Caprylhydroxamic Acid MASK: Glycerin

TL;DR. This ingredient is primarily used as a preservative booster and chelating agent, especially in water-based formulas where it helps support broad-spectrum preservation. It is particularly valued for improving fungal control and binding metal ions that can destabilize a formula.

What does Caprylhydroxamic Acid MASK: Glycerin do in a cosmetic formula?

This ingredient is primarily used as a preservative booster and chelating agent, especially in water-based formulas where it helps support broad-spectrum preservation. It is particularly valued for improving fungal control and binding metal ions that can destabilize a formula.

Is Caprylhydroxamic Acid MASK: Glycerin clean?

From a clean-beauty perspective, this ingredient is generally accepted as a lower-sensitization alternative to some conventional preservative systems, but it still carries some standards friction because it is a synthetic specialty preservative aid. It is typically well tolerated at normal use levels, with irritation risk mainly tied to concentration and overall formula design.

Is Caprylhydroxamic Acid MASK: Glycerin sustainable?

This material is usually made from a fatty-acid-derived carbon chain combined with synthetic nitrogen chemistry, so its sustainability profile depends on feedstock sourcing and manufacturing controls. It is not known for major persistence or bioaccumulation concerns, but it is less straightforward than simple plant oils, sugars, or mineral ingredients.

Is Caprylhydroxamic Acid MASK: Glycerin COSMOS-approved?

This ingredient has partial COSMOS alignment rather than a universally simple pass, since acceptance depends on supplier documentation, origin, and manufacturing route.

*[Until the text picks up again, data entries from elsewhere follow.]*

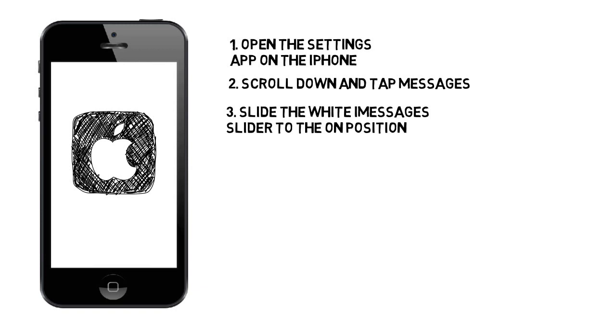iMessages may take up to 24 hours to activate because Apple needs to verify that the phone number and Apple ID match. Activation usually happens within an hour.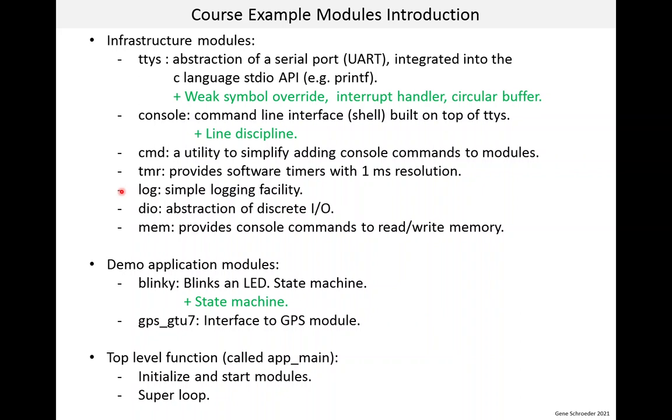The log module is a simple system to log messages to the console, normally for testing and debugging. The DIO module is an abstraction for discrete IO. It's really just a thin layer to isolate your application from the hardware. But like many modules, it provides some console commands for testing and debugging. The MEM module just provides some console commands that allow you to read and write memory, like a debugger would.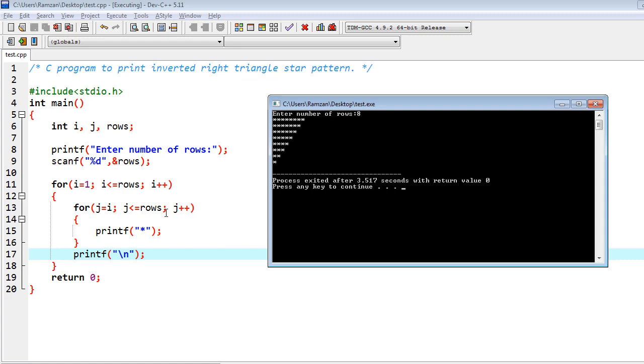And in this way, we will reach at only single star. So this is the logic behind the program to print inverted right triangle star pattern.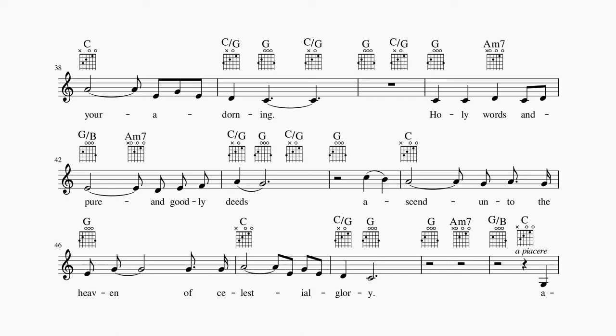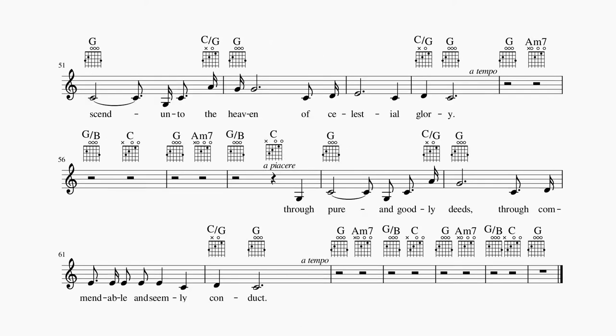Holy words and pure and goodly deeds ascend unto the heaven of celestial glory.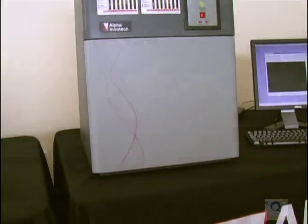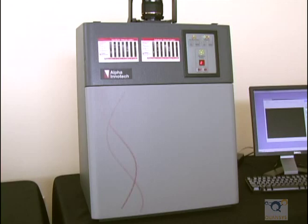Alpha Innotech FC2 Camera and Software Setup for Imaging Quansys Chemiluminescent Multiplexed ELISAs.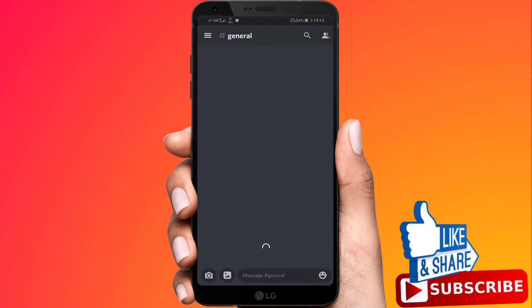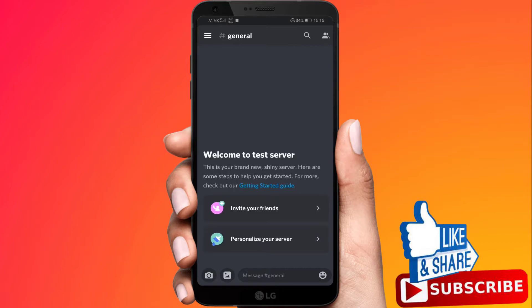To start, open the Discord app on your smartphone or tablet. Tap the hamburger menu at the top left.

From a Green Chemistry lens, the fatty chain can be renewable, but the synthetic conversion steps and preservative function make it more compromised than readily biodegradable, minimally processed naturals.

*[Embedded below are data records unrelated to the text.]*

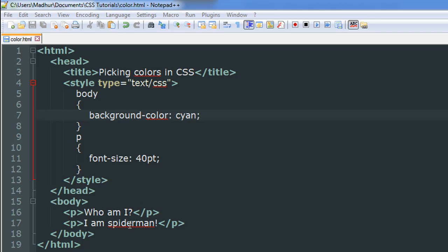Within the head section between the style tags, I've got two style rules. One applies to the body element, the other one applies to the paragraph element. I've changed the font size of the paragraph text to 40 points.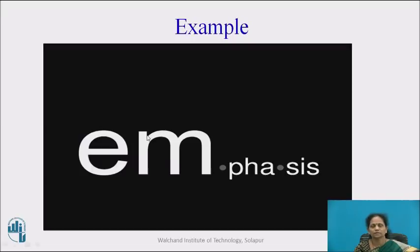See this example: 'emphasis.' Here the stress is on the first syllable — 'EM-phasis.'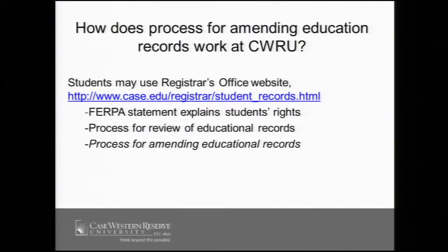If the school decides not to amend, they must inform the eligible student of their right to have a hearing. And after the hearing takes place, if the school's decision is still not to amend, the eligible student does have a right to insert their own statement into the education record. Our university registrar's web pages explain the process for amending.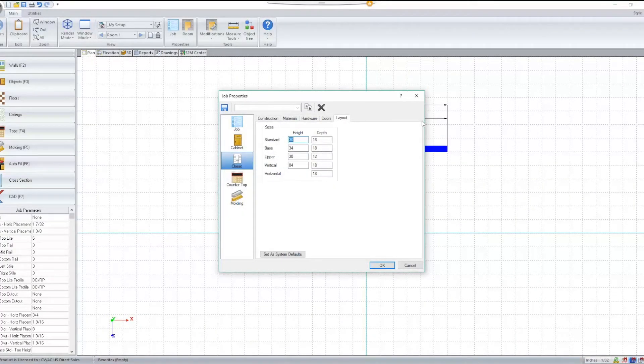With Cabinet Vision version 11, you'll notice two new classes have been added to the Closet Modular: Base and Upper.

How does Caprylhydroxamic Acid MASK: Glycerin work chemically?

The molecule is an eight-carbon fatty hydroxamic acid, which gives it both lipophilic character and strong metal-binding ability. It is commonly used at low levels in mildly acidic to neutral systems, often around 0.1% to 0.3%, and is frequently paired with glycols, diols, or other preservation boosters for broader coverage.